One of the main reasons behind these shifts in economic practice and theory has been the acceleration of technological progress. It is driving productivity, which in turn lowers the costs of goods and services even as governments devalue their currencies by printing more and more money. Probably the best example of this technology change is Amazon and similar online shopping firms who have pushed retail costs down and decimated many parts of the traditional “offline” retail scene. Studies showed that online prices were falling steadily from 2012 and were lower than they have been at the turn of the millennium. The so‐called “Amazon Effect” was not limited to Amazon. We witnessed the phenomenon in transport (Uber), hotels (trivago.com), and travel (opodo.com). But the decline in prices could be attributed not only to those organizations directly serving the public at the retail level, but also to the producer level – where improvements in automation, workflow programming, and many other innovations were pushing the costs of production down. The invention of cell phones was just the start of the crash in communication prices. Those costs continued their downward trend with the invention of internet calling and faster, cheaper smartphones.

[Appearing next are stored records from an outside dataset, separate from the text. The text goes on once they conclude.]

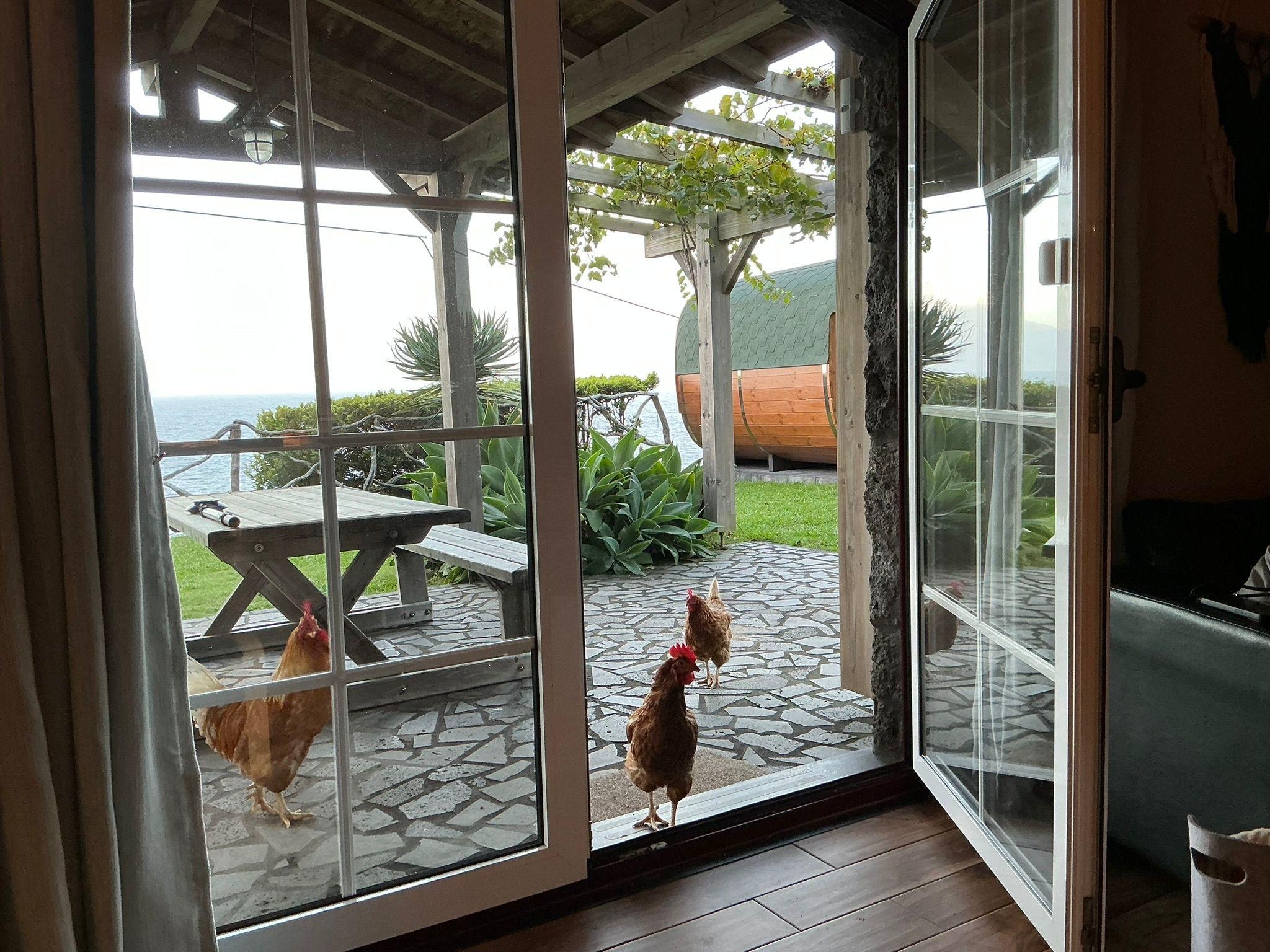 De haan met zijn kippen kwam ons af en toe bezoeken. 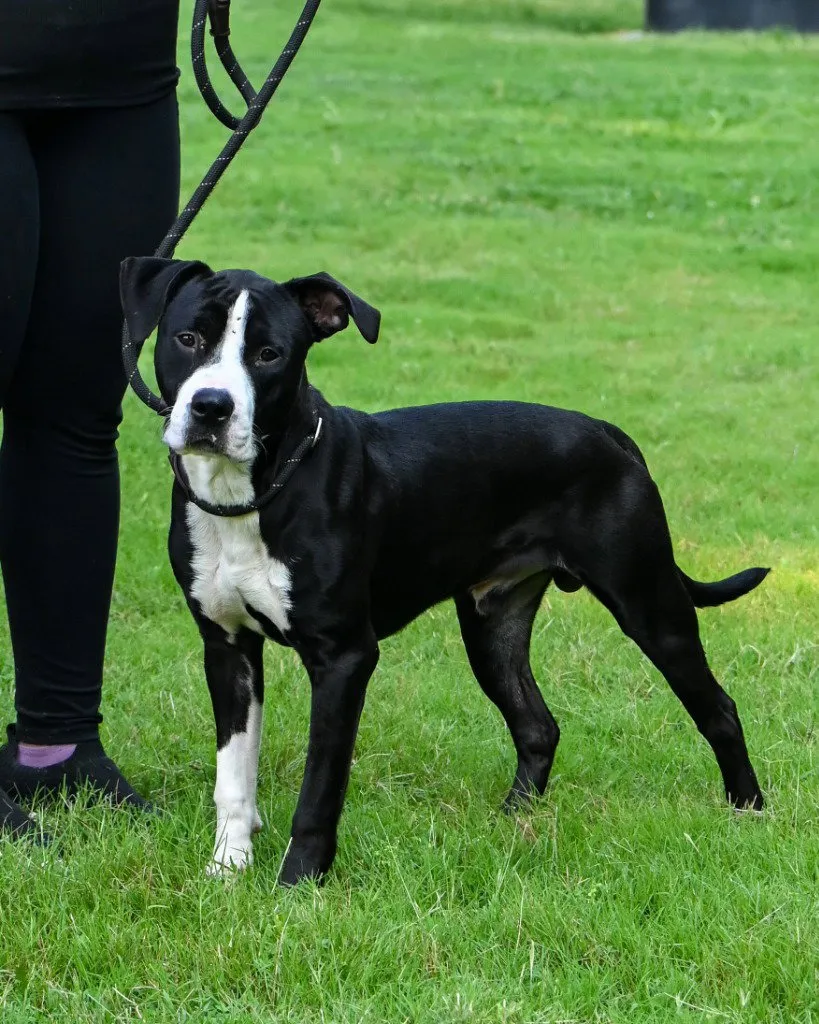 Ziggy - Photo 1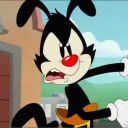 yakko_ow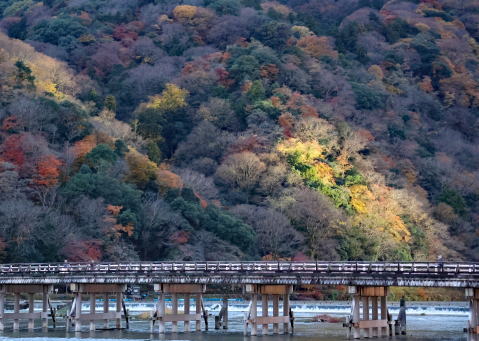 早朝の渡月橋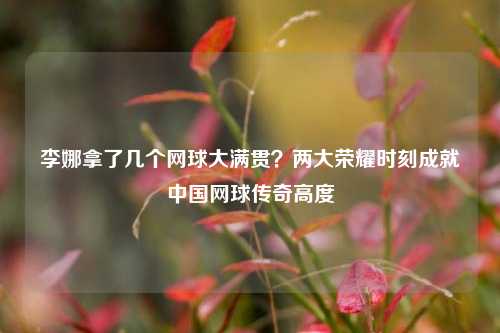 李娜拿了几个网球大满贯?两大荣耀时刻成就中国网球传奇高度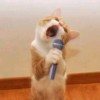мⒾ𝐚ʷΜ𝔦𝕒𝐖😸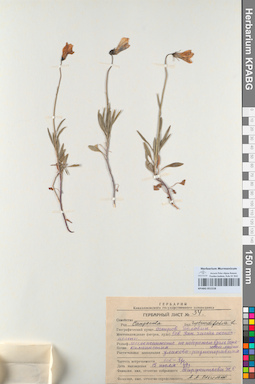 KPABG051518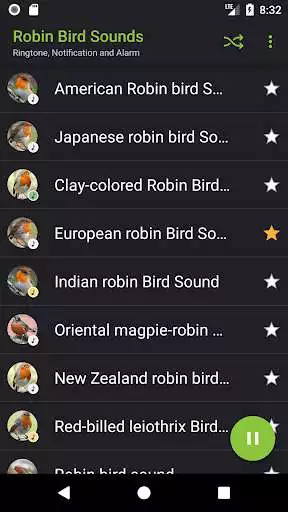 Play Appp.io - Robin Bird Sounds as an online game Appp.io - Robin Bird Sounds with UptoPlay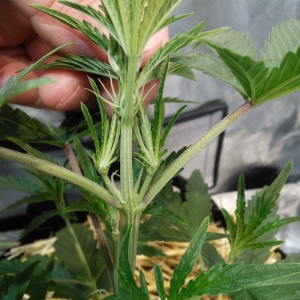 Double Grape DAY 21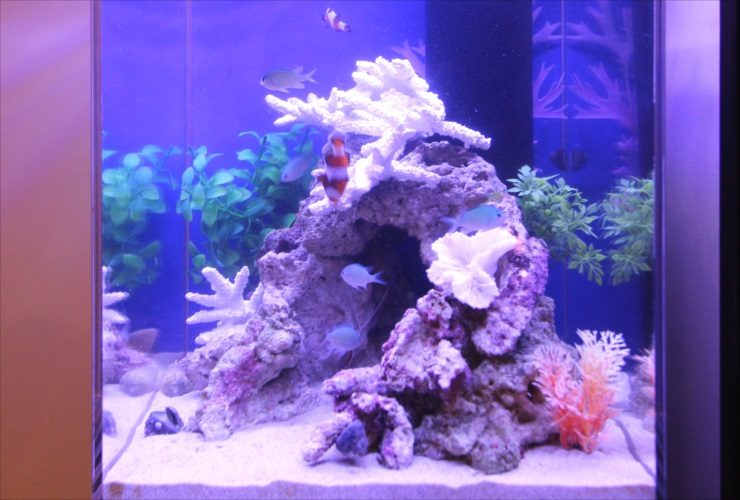 レア☆大型 サンゴ 珊瑚 白 化石 アクアリウム 海水魚 水槽 レイアウト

Of course, the hapless gatherers of inflation statistics have been in a quandary because of the avalanche of new, innovative, or significantly improved products as a result of technological innovation. This has made the task of measuring inflation an impossible one. A study by economists Austan D. Goolsbee and Peter J. Klenow found that even excluding clothing, 44% of online sales in an Adobe Analytics database were of goods that did not exist the year before! The net entry of new goods alone led to the CPI overstating true inflation by 1.5 to 2.5 percentage points per year. They also found that online prices for bedding and furniture fell by about 12% between January 2014 to June 2019 but the official consumer price index fell by only 2.1%.1
More importantly, the proliferation of free services throws any effort to measure inflation completely out of whack. I now can make a video call anywhere in the world, obtain information on any subject, and translate languages free of charge. Ten years ago, or even five years ago, would it have been free? And how much would those services have cost? Erik Brynjolfsson and his research team at MIT tried to measure the value to users of various free online services by withholding those services from respondents temporarily and asking them how much they would pay to get them back. Questioning several respondents, they found that, for example, the value of not giving up WhatsApp was worth about $600 to the respondents. To give up free online search engines for a year, people on average responded that they would want to be paid over $17,000.
David Byrne of the Federal Reserve and Carol Corrado of the Conference Board constructed a digital access services index that showed prices for internet services falling by 21% between 2007 and 2017 while the official price index for internet access showed prices rising by 4.5%.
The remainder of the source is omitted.